Your answer must be an exact copy of the lines below, from the first through the one with "business lunch fresh", with no pictures.

(Caption-style text data)
--------

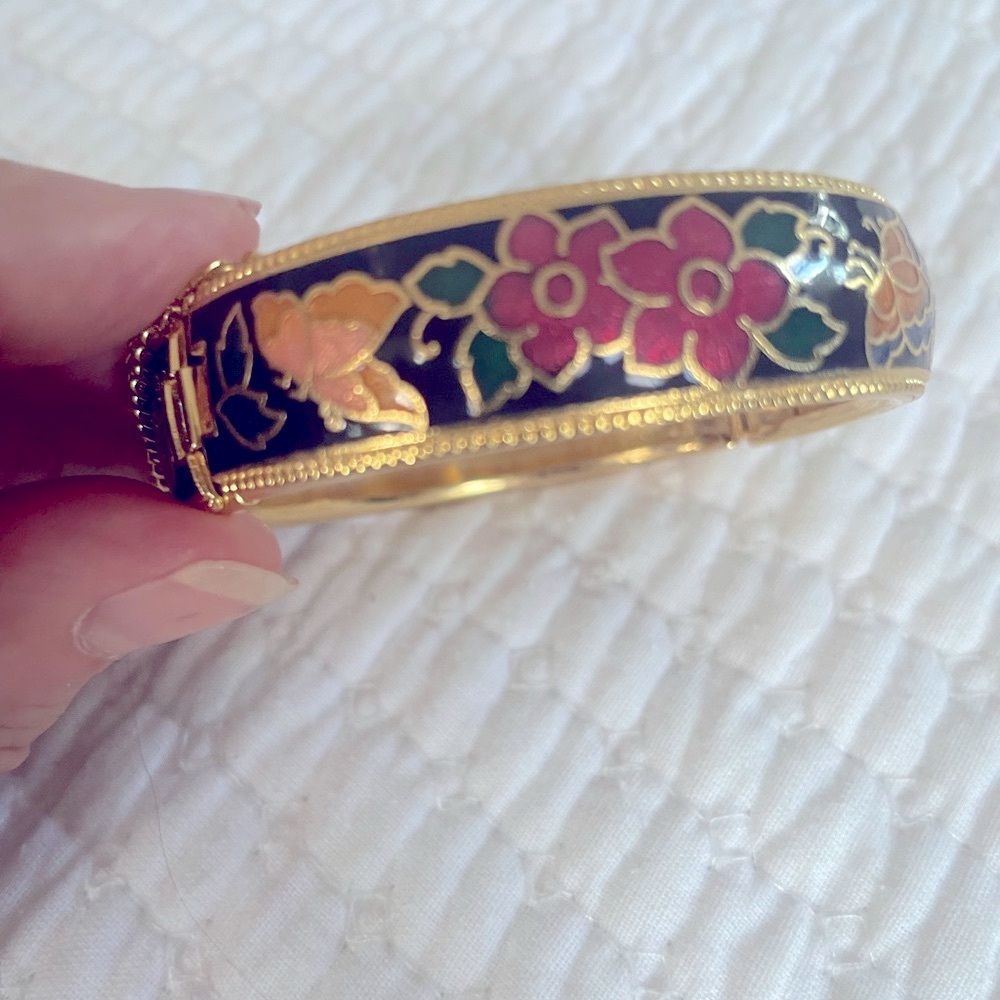 Cottagecore Hinged Bangle Bracelet with Gold and Red Floral Enameled Design.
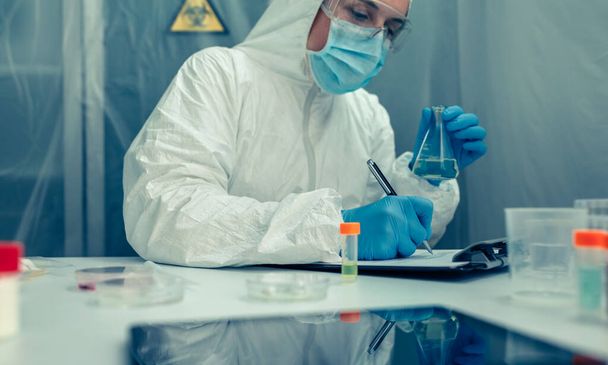Cientista com terno de proteção investigando no laboratório - Foto, Imagem
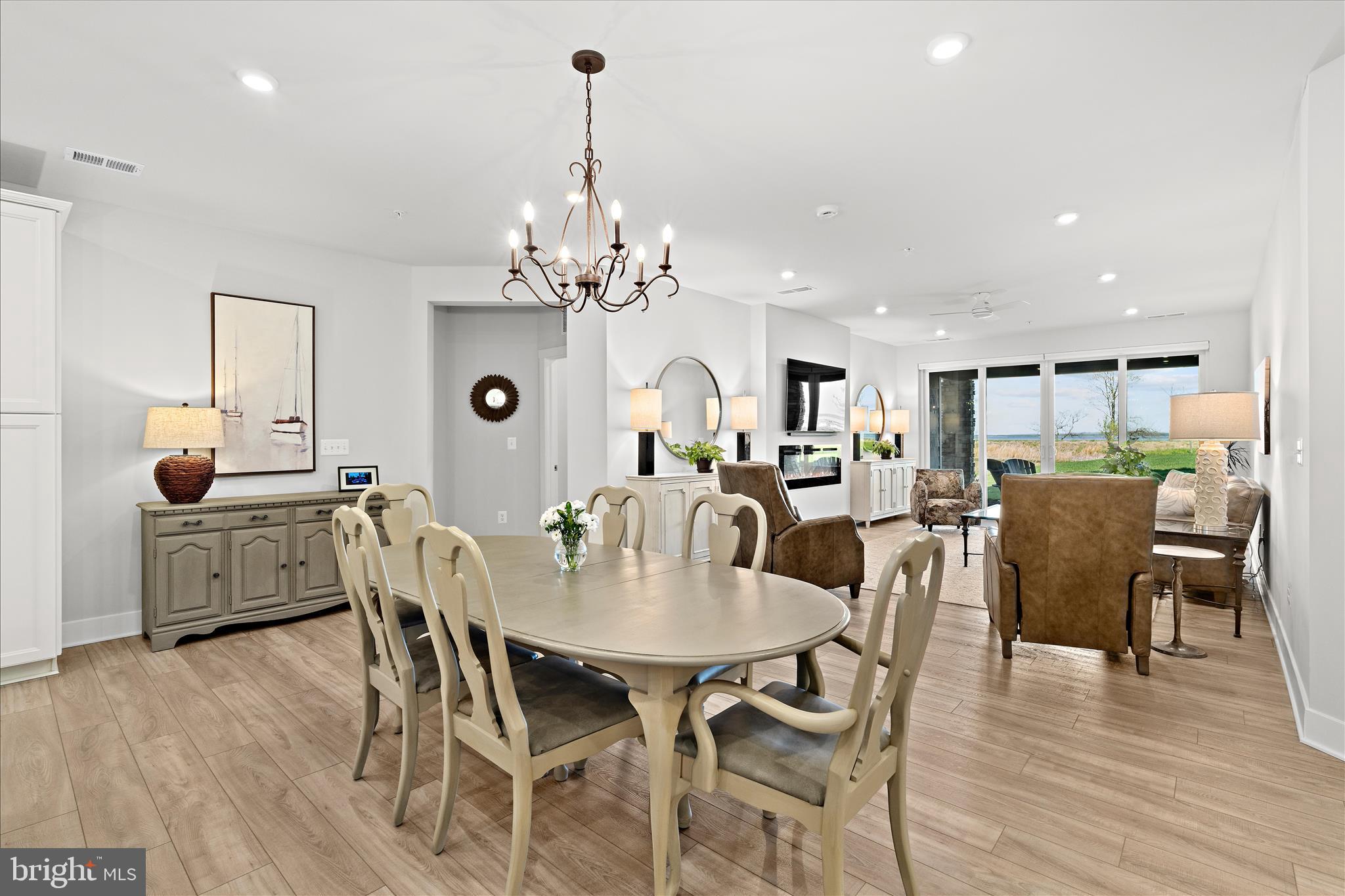 132 Wheelhouse Way, Unit 11 Chester, MD 21619 - Photo 6 of 77 a view of a dining room with furniture wooden floor and chandelier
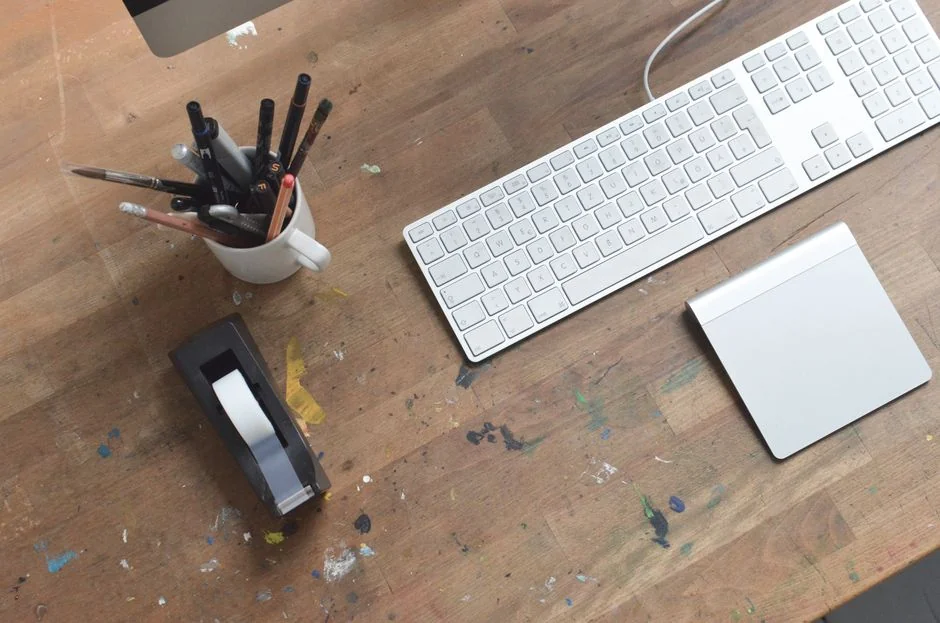 Un espace de travail dynamique avec un ordinateur portable, une tablette et une TV, baigné de lumières colorées.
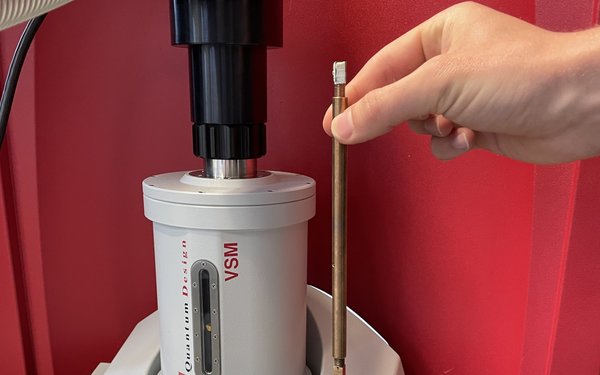 Eine Hand hält einen messingfarbenen Stab neben einem kompliziert aussehenden Gerät, dem Magnetometer.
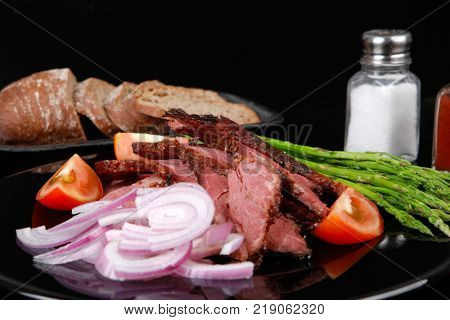 business lunch fresh roast beef meat slices on black plate wotj cutlery asparagus boiled broccoli rye bun on wooden table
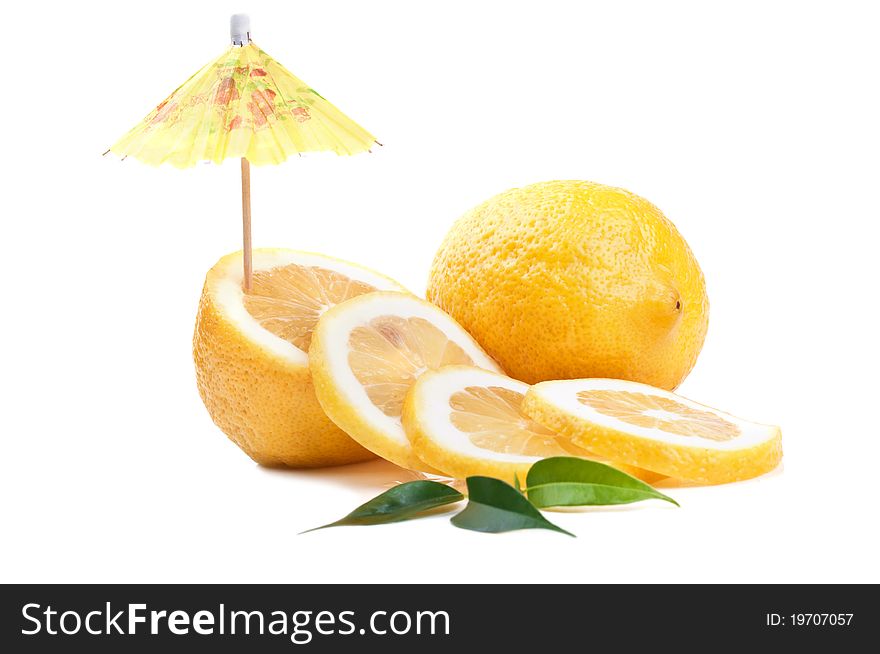 Fresh lemon and umbrella isolated on a white background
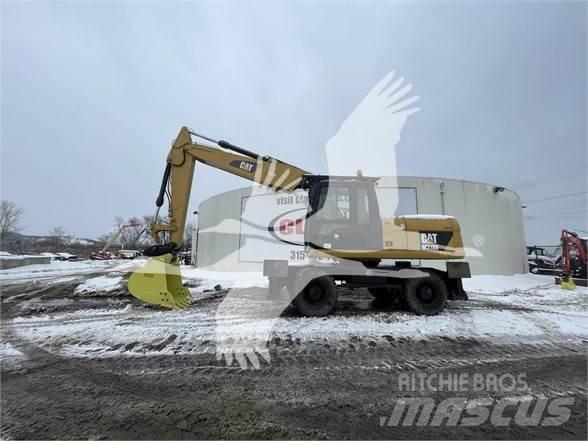 CAT M318D Gumikerekes kotrók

--------

§ Reply to the task
 Cottagecore Hinged Bangle Bracelet with Gold and Red Floral Enameled Design.
Cientista com terno de proteção investigando no laboratório - Foto, Imagem
 132 Wheelhouse Way, Unit 11 Chester, MD 21619 - Photo 6 of 77 a view of a dining room with furniture wooden floor and chandelier
 Un espace de travail dynamique avec un ordinateur portable, une tablette et une TV, baigné de lumières colorées.
 Eine Hand hält einen messingfarbenen Stab neben einem kompliziert aussehenden Gerät, dem Magnetometer.
 business lunch fresh roast beef meat slices on black plate wotj cutlery asparagus boiled broccoli rye bun on wooden table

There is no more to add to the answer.